Table 3. Generated text

From a content point of view, the text contains misspelling and the sentences are unstructured. However, they clearly present valuable information that exists in the training data. An example is the Boston bombing, the first tweets clearly indicates the event of a bomb at the Boston marathon and presents a name: “Jeff Bauran”. The name is actually a misspelling of “Jeff Bauman”, a witness who identified one of the attackers [25]. The second text indicates that the FBI released a video about the Bombing. What actually happened, and present in the training data, is that the FBI released pictures and videos of the attackers [25]. An arrest was also made as the training data suggest and this was also captured by the model in the third tweet.

For the Texas explosion in West Fertilizer Company, the model was able to capture the number 60 surrounded by “killed” and “injured” in the first tweet. Actually, in the training data, this number appears sometimes as the number of killed in the explosion and other times as the number of injured. It is worth noticing that the number of deaths declared by the authorities was 14 [26]. However, this number was not part of the training Twitter data. This is an example of misleading information that can be present in the generated text cause by people spreading rumors through Twitter. The second tweet is unrelated to the crises and handles mundane topic present in the training data. The same applies to the third tweet about Alberta flood. Moreover, the generated tweets about the Texas explosion do not explicitly state the nature of the crises. This might be due to the fact that the training data related the crisis present the highest percentage of unrelated tweets which influence the generated text. Therefore, we tried to remove the unrelated tweets from the train data related to the Texas explosion, retrain the model and generate a new text. The last tweet about the Texas explosion represents a sample of what we obtain.
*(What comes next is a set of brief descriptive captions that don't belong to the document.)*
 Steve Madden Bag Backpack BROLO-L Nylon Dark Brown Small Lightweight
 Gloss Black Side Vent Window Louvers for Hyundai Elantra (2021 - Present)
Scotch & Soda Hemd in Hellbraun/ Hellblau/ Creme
Even though the nature of the crisis is explicitly stated in the tweet, the tweet contains much more misspellings and unstructured. This is caused by reducing the training data (eliminating unrelated tweets), the model had not enough data to capture the structure and learn words.
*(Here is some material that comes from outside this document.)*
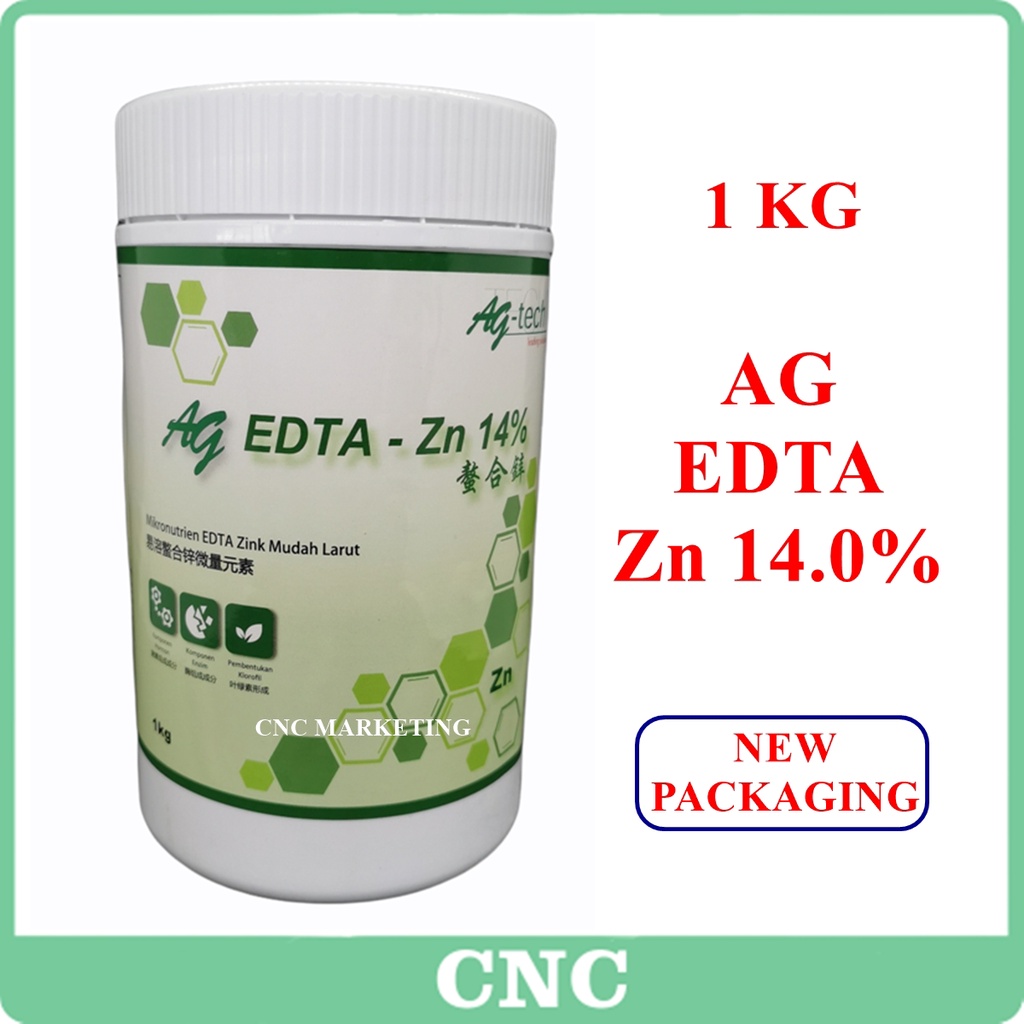 1KG AG EDTA ZN 14 Zinc Chelate Mikro Nutrien Fertigasi Fertigation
For the remaining crises in the data, the tweets indicate the type of crisis, its location and provide some update on it status like the school destroyed during hurricane sandy, and the deepening of the Queensland flood. Note that some tweets are related to the crises but do not provide value added information about its status, like the firefighters mission in the Alberta flood second tweet. Nevertheless, these tweets present a significant chunk of the training data (see Sect. 5.1) linked to the crisis but not presenting useful information about it.

When we tried to generate the text anew, the information present in the new text was similar to previously discussed text. It is also worth noticing that some valuable information was present in the training data that was not extracted by the generated text which could be an area of further improvement in addition to automatically displaying the text in a manner that improves situational awareness further.

6 Conclusion

During a crises, valuable and substantial information about the crisis is shared on social media. However, the complexity and heterogeneity of tweeted text render extraction of useful information a difficult task for machine learning techniques. This papers presents a first step towards an approach for information extraction from large Twitter data collections. We propose training an LSTM architecture on crises related tweets and then use the trained model to generate a novel text. The model is able to capture valuable information from tens of thousands of tweets summarized only in an adjustable 2000 character text. Work is still to be made to filter useful crises related information and present it automatically in a more intuitive manner. Another future direction is to adopt a diversification mechanism that uses scores to rank the generated text based on their similarities and the information they bring.